By Collin Jones,

Los Angeles County has reportedly instituted a zero-bail system that officially went into effect on Sunday. The move eliminates setting a defendant’s cash bail amount based on the crime committed.

Fox News reported that the critics of the old policy, which set bail proportionate to the severity of the crime, claimed that the rule favored the wealthy who could afford to pay their way out of jail while failing to sufficiently ensure the safety of the public.

However, the new zero-bail system is also facing backlash. Known as the Pre-Arraignment Release Protocol, the new system is being criticized by law-and-order advocates for taking responsibility away from the justice system by allowing suspects who allegedly commit crimes to quickly be released from custody instead of remaining in jail until charges and a trial have been set.

The only suspects who would not be released are those who have been accused of committing the most serious crimes, such as murder.

“Our communities have not been shy about telling us how nervous they are about this change,” Los Angeles County Sheriff Robert Lunda said to a Board of Supervisors, claiming that crime victims who see offenders immediately released from custody are left with almost no confidence in the criminal justice system, per KNBC.

However, county supervisor Holly Mitchell says that the new bail system does not mean suspected criminals are evading consequences for their actions. She went on to say that “it’s really dangerous for us to conflate bail with accountability,” adding that “bail means I have the resources to pay my way out of jail.”

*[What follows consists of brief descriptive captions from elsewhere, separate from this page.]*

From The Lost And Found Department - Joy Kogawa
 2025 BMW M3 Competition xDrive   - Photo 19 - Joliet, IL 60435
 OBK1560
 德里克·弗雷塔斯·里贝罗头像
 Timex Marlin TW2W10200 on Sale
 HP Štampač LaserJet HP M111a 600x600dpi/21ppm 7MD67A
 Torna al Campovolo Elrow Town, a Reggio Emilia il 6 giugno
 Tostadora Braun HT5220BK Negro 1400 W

The new system was introduced after it was claimed that cash bail favored those with enough money to get themselves out of jail, while lower-income people were unable to pay their way out of jail for a similar crime.

The report noted that most people who were charged with non-violent or non-serious crimes would either be cited and released at the scene or booked and released at a police station, with an order to appear in court at a designated time once charges were filed.

Those who are suspected of being a flight risk or posing increased risk could be sent to a magistrate judge, who will then determine how to proceed with the accused. The accused could be held in custody pending arraignment or released under electronic monitoring.

A judge also reserves the authority to revoke a defendant’s release condition after the defendant has been charged and appeared in court for arraignment.